Along with Ichiro Suzuki’s recent remarks about Cleveland and ugly bowlers, Slate’s Sasha Issenberg considers the Mariners outfielder consulting his dog, Ikky, for contract advice. Such bold public statements, muses Issenberg, are in stark contrast to Ichiro’s early interactions with the American press, which the author describes as “a Rumsfeldian mix of impatience and amateur epistemology.”

Ichiro’s decision not only to name his dog, but divulge their shared deliberations”an evolution, roughly, from Peter Singer to David Berkowitz”may have less to do with his changing views on the agency of domesticated animals than on how he responds to the uncommon burdens placed upon American athletes. In Japan, where Ichiro excelled for the Orix Blue Wave of Kobe, clubhouses are closed to the media. In the United States, dressing players”perhaps more than any other public figures in American society”are obliged to be sources of perpetual self-reflection. (No congressman is asked on a daily basis, “What were you thinking as you lost that procedural vote on your appropriations rider? How did it feel?”)

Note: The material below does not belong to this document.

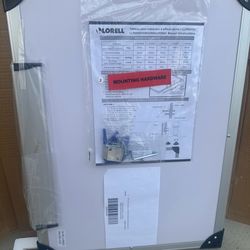 LLR 55650 Lorell dry erase board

Some around Ichiro suggest his more florid statements of late indicate that he has finally come to feel more at ease with the American media. “When I heard these quotes, I laughed so hard because I know these are the real Ichiro talking to someone he is comfortable with,” Ted Heid, a Mariners scout who serves as director of the team’s Pacific Rim operations and translated for Ichiro in the player’s first season, writes by e-mail from Shanghai. David Shields, author of “Baseball Is Just Baseball : The Understated Ichiro” agrees. “He has allowed what was slightly subterranean to emerge, but the wit and the subversion have absolutely always been there,” he says.